- Posted July 27, 2014 by
Las Vegas, Nevada
This iReport is part of an assignment:
President’s immigration plan: Your views
Son of Immigrants
I am not an immigrant, I was born in Texas. However, as a child of immigrants, I believe my story is relevant.
My great grandparents on my father's side immigrated through Ellis Island before WWII. My mother was born in Mexico and immigrated with her family to Texas in the 60s. At that time, it was simply assumed that learning English was a requirement.
My mother loved American musicians and actors, and taught herself English by listening to radio and watching TV. In those days, if you needed to go to the bank etc you had to bring an English speaker with you, or learn some English. My mother did marry an American and that made it easier to learn American ways.
I do not blame undocumented immigrants themselves, my mother’s family left unspeakable horrors in their homeland. I blame the system. If the situation was the same as it is now, my mother may never have learned the language and may not have had the opportunity to meet my father. I myself may have never learned to speak English or Spanish correctly, and may never have finished high school. My mother was forced to fit in. It certainly was not easy for her. Her entire family eventually became naturalized citizens. They had to learn enough English to study for and pass the test.

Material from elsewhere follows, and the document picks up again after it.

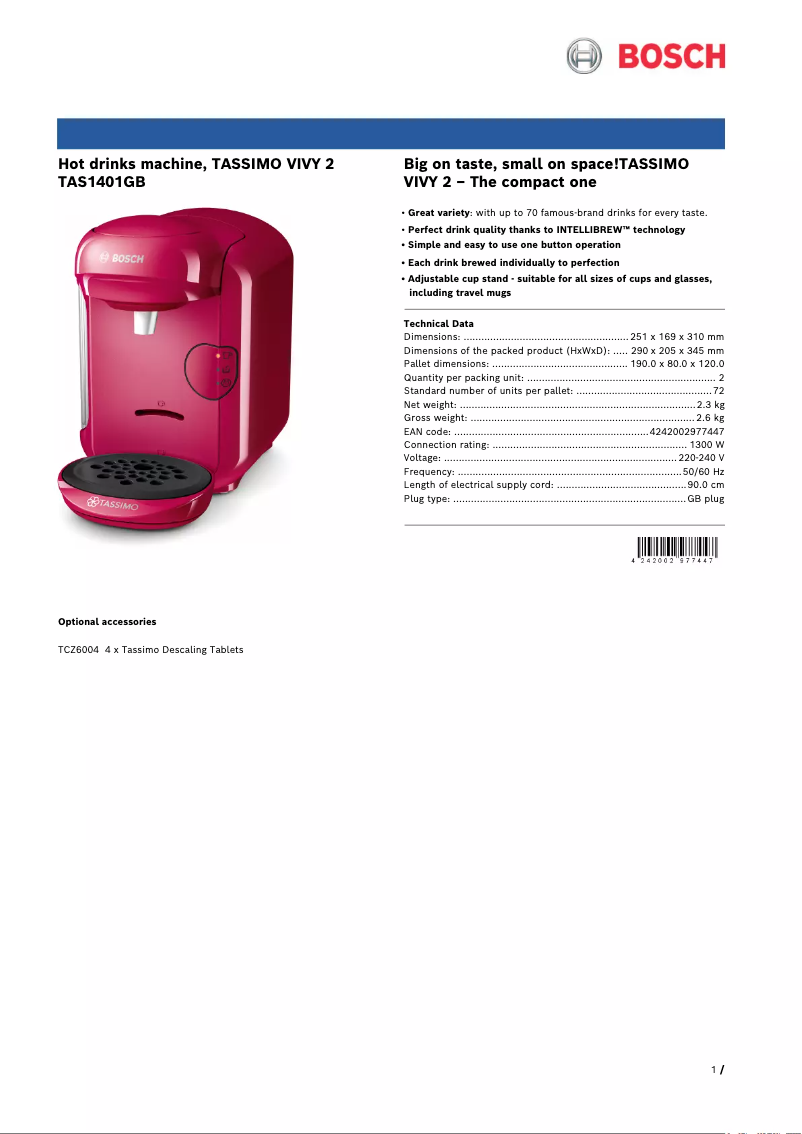 Page 1 of the manual Technical Sheet Bosch Tassimo Vivy 2 TAS1401GB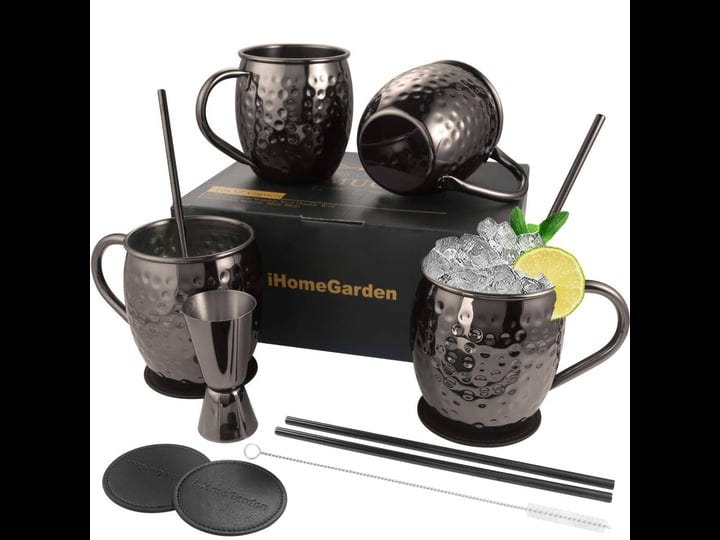 dunchaty-moscow-mule-mugs-set-of-4-gift-set-black-mule-mugs-pure-solid-hammered-stainless-steel-mule-1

These days instead of most immigrants trying to assimilate in America, we are instead going the multicultural route. I am proud of all my roots. I speak Spanish fluently, and proudly let people know my mother was born in Jalisco. I also took a couple of German classes and have studied the history of Romania to try to connect with roots on my father's side. However, although it does upset some family members on my mother's side, when I am asked if I consider myself Mexican, I say "no".